— Source material —
>>>

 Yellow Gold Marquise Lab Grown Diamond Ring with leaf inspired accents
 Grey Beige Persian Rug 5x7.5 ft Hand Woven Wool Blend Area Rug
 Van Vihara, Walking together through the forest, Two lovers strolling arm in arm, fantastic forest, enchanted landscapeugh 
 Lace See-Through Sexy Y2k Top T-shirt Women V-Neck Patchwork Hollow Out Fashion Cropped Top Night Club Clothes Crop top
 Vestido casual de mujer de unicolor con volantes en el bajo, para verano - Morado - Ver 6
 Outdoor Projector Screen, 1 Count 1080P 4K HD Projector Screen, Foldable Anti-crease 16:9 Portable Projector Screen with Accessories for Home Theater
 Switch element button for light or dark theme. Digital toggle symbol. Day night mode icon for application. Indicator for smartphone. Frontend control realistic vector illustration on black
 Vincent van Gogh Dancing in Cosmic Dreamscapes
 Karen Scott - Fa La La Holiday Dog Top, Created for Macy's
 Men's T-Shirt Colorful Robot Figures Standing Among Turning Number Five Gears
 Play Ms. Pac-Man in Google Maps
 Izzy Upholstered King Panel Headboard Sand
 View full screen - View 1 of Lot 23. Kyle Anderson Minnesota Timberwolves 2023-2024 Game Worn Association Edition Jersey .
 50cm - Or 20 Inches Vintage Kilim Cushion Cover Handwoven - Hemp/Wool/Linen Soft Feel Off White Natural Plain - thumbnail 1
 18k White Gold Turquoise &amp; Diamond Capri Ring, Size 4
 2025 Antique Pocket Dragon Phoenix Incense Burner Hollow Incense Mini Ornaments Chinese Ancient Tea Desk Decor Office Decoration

<<<

— Assignment —
Output exactly, and only, the lines running from the one that contains "Karen Scott - Fa" through the last line of the entries above.

— Answer below —
 Karen Scott - Fa La La Holiday Dog Top, Created for Macy's
 Men's T-Shirt Colorful Robot Figures Standing Among Turning Number Five Gears
 Play Ms. Pac-Man in Google Maps
 Izzy Upholstered King Panel Headboard Sand
 View full screen - View 1 of Lot 23. Kyle Anderson Minnesota Timberwolves 2023-2024 Game Worn Association Edition Jersey .
 50cm - Or 20 Inches Vintage Kilim Cushion Cover Handwoven - Hemp/Wool/Linen Soft Feel Off White Natural Plain - thumbnail 1
 18k White Gold Turquoise &amp; Diamond Capri Ring, Size 4
 2025 Antique Pocket Dragon Phoenix Incense Burner Hollow Incense Mini Ornaments Chinese Ancient Tea Desk Decor Office Decoration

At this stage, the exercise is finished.